Ces derniers temps, ce précepte qui jadis a été composé des irréprochables qui ont su garantir les « us et coutumes » aux comoriens, se trouve en faillite des valeurs. Prise pour un tremplin depuis le niveau local, la notabilité devient présentement un refuge ou un lieu de plaisance. Et les « écharpes » se bousculent pour atteindre à cette classe. C’est un art, bien sûr et pour qu’on soit artiste il faut un enseignement, une patience, et une conviction. Surtout attendre le moment opportun car « Rien n’est plus fort qu’une idée qui arrive à son heure », disait Victor Hugo. Et pourtant nombreux sont ceux qui croient que seul l’écharpe, est une garantie notable pour devenir notable.

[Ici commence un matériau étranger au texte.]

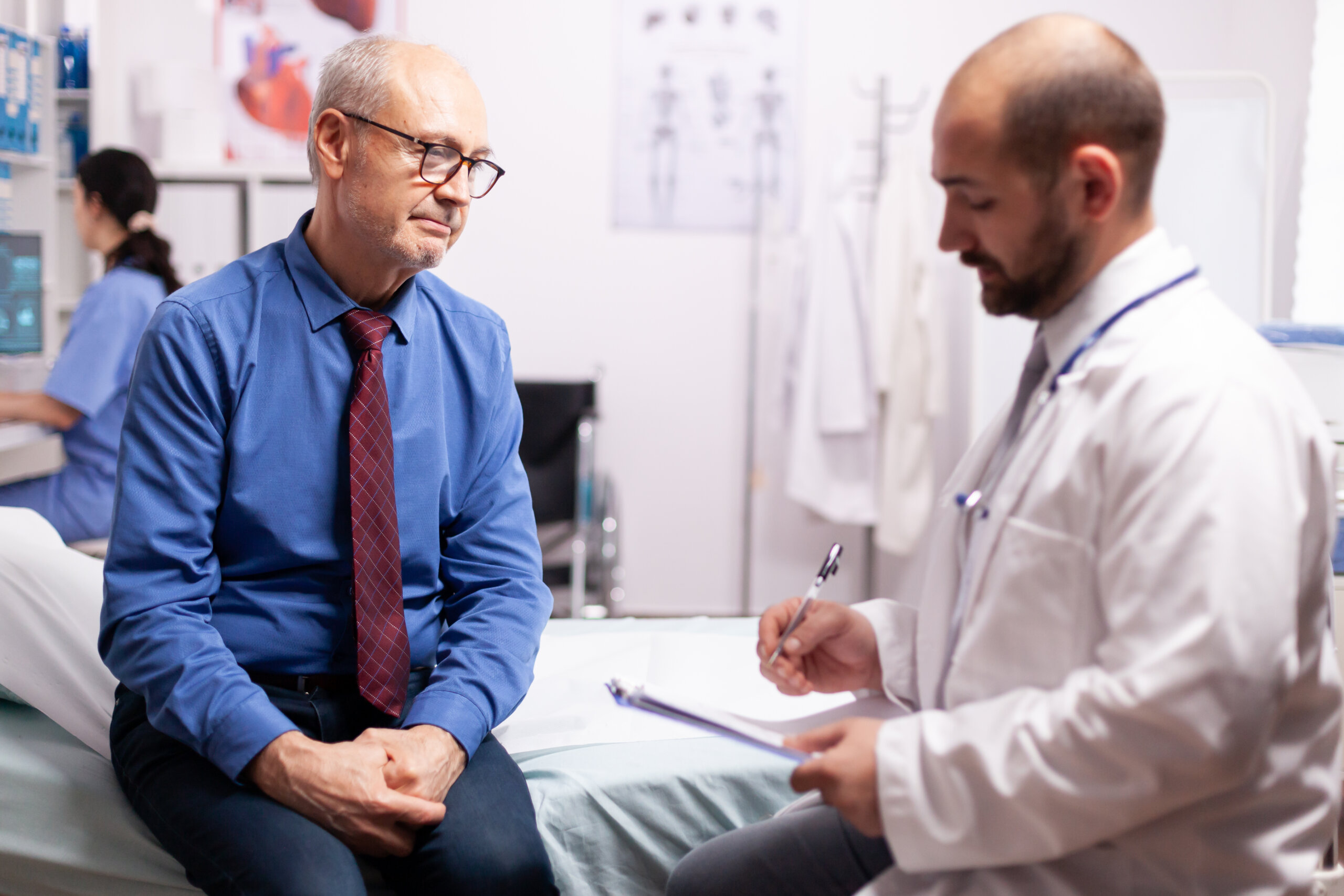 Kirurg koji nosi stetoskop razgovara o liječenju u sobi za preglede sa starijim muškarcem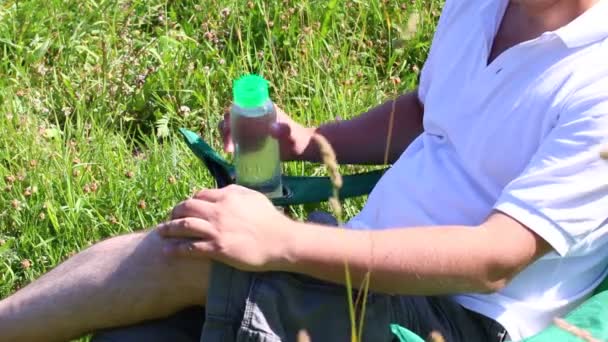 Man Sits Picnic Chair Lighted Meadow Rests Opens Bottle Water — Stock Video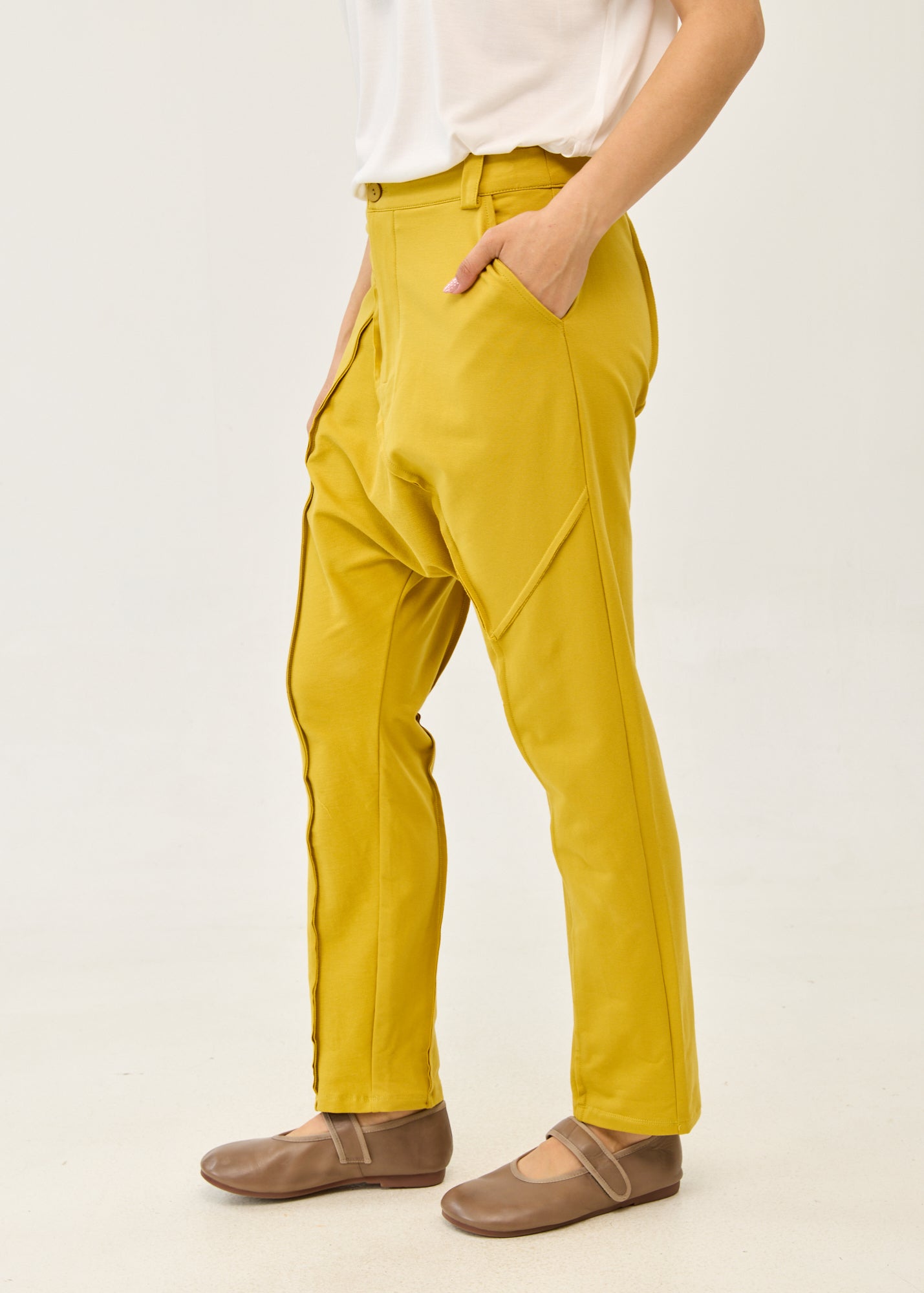 Pants with cutouts, button, and mustard zipper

Colonel Azali a compris. Cernant la nocivité de cette classe de ces dernières années, il marche sur sa tête. Commençant par la médire, et l’hypnotiser… puis enfin la rendre vulnérable en la divisant. Et soudain l’incohérence. Cela pousse une bonne partie des comoriens à se demander en vérité le sens de ce mécanisme ces heures-ci. Ces hommes qui chaque rencontre se réclament sans équivoque piliers du pouvoir en place en louant délibérément le colonel Azali, comme si l’on loue le prophète. Cette classe, qui devrait être objectif pour le bien être des comoriens, moment où le pays est rongé par une crise de tous genre, se converti en hommes de la cour. Une soumission qui met tout un peuple en danger. Ça devrait donc être le dernier recours, mais hélas. Peuple martyrisé, liberté gommée, meurs attentées, viols sur des mineurs, assassinats perpétuels, injustice dominatrice… Donc un peuple livré à lui-même. Et tout cela au vue et au su de cette classe, cautionnant le règne de « Fe-zinda ».